Yamasawa builds her project on an axis. On the synchronic line is the study of mathematics; Yamasawa's narrator, Shirley, is a math teacher at McKinley High School, where she works with special ed students. Math, as we know (even if we sometimes suspect otherwise) makes sense, provides an abstract logical view of the world. The other, diachronic, line represents history. This is where logic and sense threaten at every turn to collapse, whether because a student has no family to record on his family tree project, or because McKinley High School itself is a colonial implant on the `aina. While the sections of her book are titled with reassuring words like “slope,” “variables,” “equations,” and where even “inequalities” takes on a neutral cast, what falls into these categories is less easily organized. While Shirley can teach math, it is clear that most of what is to be learned (via Shirley) is about Hawai`i's social and economic inequalities, its fraught linguistic history, its various amnesias (including those of the present about the present). There are moments in the text where these axes come together violently, as in “A Long Walk of Thresholds”:
There's an Original Sin
that taints our country. The radicals wrote
men and women are created equal.
The historical radicals—before McKinley—set down an ideal line that could not bear the press of American history.

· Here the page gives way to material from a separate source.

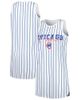 CONCEPTS SPORT Women's Concepts Sport White Chicago Cubs Reel Pinstripe Knit Sleeveless Nightshirt  - 1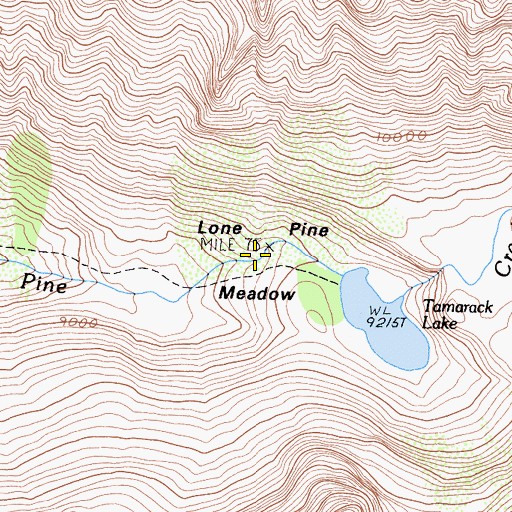 Topographic Map of Lone Pine Meadow, CA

Words, too, exist on this axis. Take the name “Pele,” as one example. In her poem, “Madame Pele,” Yamasawa offers up the many meanings of the words “Madame” and “Pele,” including the Brazilian soccer player, Pele. In Hawai`i we know Pele as the volcano goddess, a spiritual life force. But the astounding turn in Yamasawa's poem comes here:
I mean the bomber so named before its presentation
to the Air Force by McKinley High School students after
a successful bond drive to cover the cost.
This would be during the Second World War, Pele's name appropriated by the military for a very different kind of firepower. Yamasawa draws attention to other words, as well, from “Homeland Security,” “Mission Accomplished,” and many others. She uses several forms of English, standard, non-standard (including Pidgin and the immigrants' accented English), as well as Hawaiian words that bring with them large cultural concepts. Yet one among the many ironies about McKinley High School was its status as a non-standard English school, meaning its students spoke Pidgin, not what some still refer to as "proper English." The split between standard and non-standard schools in Hawai`i lasted many decades. See Lisa Linn Kanae's Sista Tongue for a personal/political history of Pidgin.
Jill Yamasawa's documentary poetry reflects the poet/teacher's capacity to empathize with her students (if you know Jill, she's hard to separate from Shirley), caught up in domestic dramas that are also national in scope. Nowhere in the book are we permitted to forget the Iraq War or the military recruiters settled just off-campus. Empathy is an ethical act; the reader is not permitted ever to forget that the words she uses for place or politics are pre-selected for her. Yamasawa has performed the discipline of research, peeled back the layers of history and language, re-membered for us the meaning of the many sites that are McKinley High School, as well as the students shaped by it.
Yamasawa's book will be published later this Spring. In the meantime, sections are available in Tinfish 18.5: The Book.